L'affaire des deux otages turcs libérés samedi après plus de deux mois de détention au Liban illustre les liens ambigus et dangereux de la Turquie avec certains groupes extrémistes hostiles au régime syrien, qui suscitent la réprobation de ses alliés occidentaux.

Les deux pilotes de la compagnie Turkish Airlines ont pu regagner Istanbul samedi soir en vertu d'un échange complexe, qui a vu le retour quasi-simultané à Beyrouth de neuf pèlerins libanais de confession chiite détenus pendant dix-sept mois par des rebelles syriens.

Les ravisseurs libanais de Murat Akpinar et de Murat Agca avaient expliqué qu'ils avaient voulu, avec ce double rapt, contraindre Ankara, soutien inconditionnel des adversaires de Bachar al-Assad, à faire pression sur le groupe syrien qui détenait les neuf Libanais.

«La réussite de ce processus (...) prouve une fois de plus l'importance régionale de la Turquie», s'est réjoui samedi sur son compte Twitter le ministre turc des Affaires étrangères Ahmet Davutoglu, se félicitant ainsi de sa médiation réussie.

Mais pour d'autres, cette prise d'otages qui visait directement la Turquie est d'abord une illustration du jeu dangereux joué par son Premier ministre Recep Tayyip Erdogan.

«Les Turcs ont soutenu certains groupes syriens radicaux en pariant sur une chute rapide du régime de Damas», analyse un diplomate occidental, «ils sont en train de se rendre compte que ceux qu'ils ont armés peuvent leur causer des problèmes».

Longtemps allié de Bachar al-Assad au nom de la politique dite du «zéro problème avec les voisins» théorisée par M. Davutoglu, M. Erdogan a depuis fait volte-face pour devenir l'un des plus fervents partisans des rebelles qui ont juré la perte du président syrien.

Officiellement, la Turquie consacre son soutien à la seule Coalition de l'opposition syrienne.
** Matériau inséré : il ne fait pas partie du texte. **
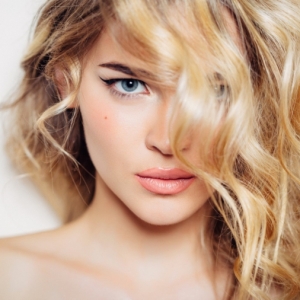 Come fare i capelli mossi: idee, immagini e video tutorial per realizzare look di tendenza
Mais, depuis quelques mois, nombreux sont ceux qui montrent du doigt ses préférences pour certaines factions rebelles extrémistes, affiliées à al-Qaïda.

En septembre, le coprésident du Parti kurde de la paix et de la démocratie (BDP) Selahattin Demirtas a dénoncé le soutien d'Ankara aux combattants de l'État islamique en Irak et au Levant (EIIL) et au Front al-Nosra dans les combats qui les ont opposés aux milices kurdes syriennes du PYD dans le nord de la Syrie.

Inquiétudes

Au début du mois, c'était au tour de l'ONG Human Rights Watch de mettre en cause la tolérance dont a fait preuve la Turquie à l'endroit des groupes jihadistes accusés d'avoir exécuté près de 70 civils début août en Syrie dans des villages alaouites. «La Turquie (...) ne doit pas servir de refuge à ceux qui violent les droits de l'Homme», a écrit HRW.

«Notre politique étrangère ne peut pas se réduire à des relations avec les populations sunnites ou les Frères musulmans», a renchéri cette semaine dans le quotidien Zaman un député de l'opposition, Aykan Erdemir, «la Turquie aurait dû faire une différence nette entre l'Armée syrienne libre et le Front al-Nosra».

Les pays occidentaux, qui répugnent à livrer des armes aux rebelles syriens de peur qu'elles ne tombent entre de mauvaises mains, sont eux aussi montés au créneau.

Ainsi que l'a récemment rapporté la presse américaine, Barack Obama s'est lui-même inquiété des «liaisons dangereuses» de M. Erdogan avec ces groupes proches d'al-Qaïda.

Face à ces critiques, Ankara a été contraint de prendre publiquement ses distances avec ses protégés syriens et a commencé à amorcer un changement de cap.

«La Turquie n'a jamais autorisé de groupes liés à al-Qaïda à traverser ses frontières», a proclamé il y a quelques jours M. Davutoglu.

Premier signe tangible de ce revirement, l'artillerie turque a tiré mardi une salve d'obus sur des positions jihadistes de l'EIIL.

«La Turquie a réévalué sa politique pour ne pas endommager ses relations avec ses alliés, mais surtout de crainte de devenir elle-même une cible des jihadistes», commente Sinan Ülgen, le directeur du Centre d'études économiques et de politique étrangère (EDAM), en soulignant les récentes menaces proférées par l'EIIL à son endroit.

«Mais en deux ans, ces groupes ont eu le temps d'établir leurs propres réseaux en Turquie», ajoute M. Ülgen, «la question est donc de savoir si ce revirement n'arrive pas trop tard».